There was also just a problem with Beneful a few months ago:

http://spoiledmaltese.com/forum/index.php?...c=20185&hl=

There are some really good foods out there that are a better choice. We've had a lot of discussions about foods. Here are a few:

http://spoiledmaltese.com/forum/index.php?...882&hl=food

http://spoiledmaltese.com/forum/index.php?...c=20677&hl=

http://spoiledmaltese.com/forum/index.php?...c=16254&hl=


----------



## daisyg (Jun 21, 2007)

Thank you! 

I have some Grandma Lucy's upset stomach treats I think that wil comfort him, it always does.

I had no I idea, about beneful I would buy it because of the salmon dusty loves salmon.


----------



## Bonnie's Mommie (Mar 2, 2006)

> Thank you!
> 
> I have some Grandma Lucy's upset stomach treats I think that wil comfort him, it always does.
> 
> I had no I idea, about beneful I would buy it because of the salmon dusty loves salmon.[/B]


This is a great salmon treat - Bonnie loves it!
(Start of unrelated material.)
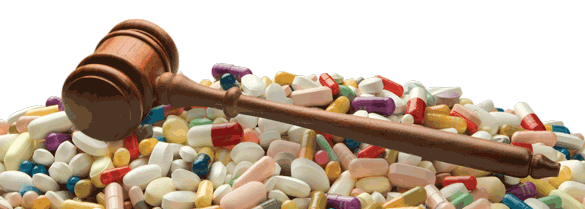 Gavel on top of a pile of supplement pills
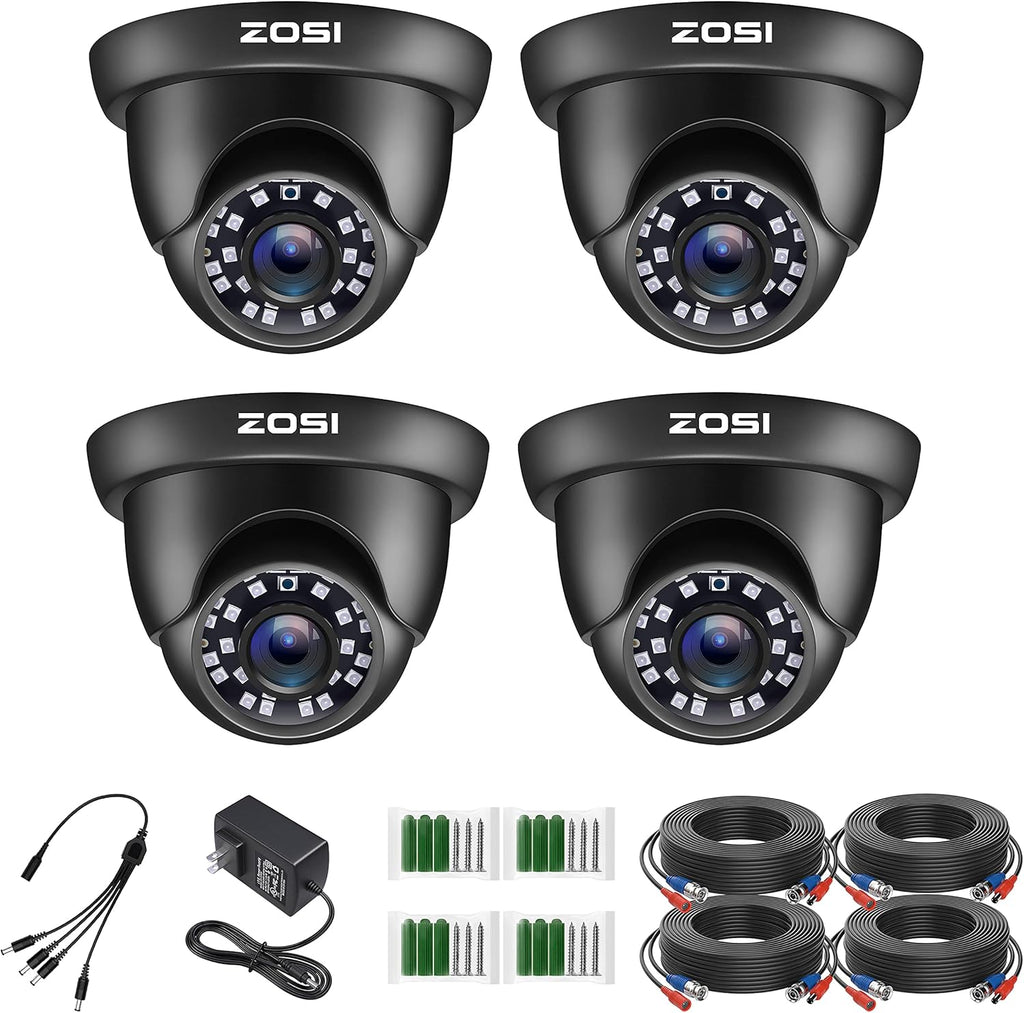 4 Pack 2MP 1080p HD-TVI Black Dome Security Camera with 80ft Night Vision C706832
http://www.onlynaturalpet.com/products/Lak...ats/160006.aspx


----------



## deuce (May 31, 2007)

You have come to the right place for loads of great information...Deuce eats Eukanuba Puppy, but we are in the process of trying to get him on a better food..He is so picky!!


----------



## bellasmommy (May 8, 2005)

You're not a bad puppy mom, the way these foods are marketed its only natural for us to assume they are safe. You are a great mom for looking out for something better. If he likes salmon, you might look into Solid Gold. I haven't looked at all the formulas, but the one Bella is on has salmon I know, her's is meant for adults though.


----------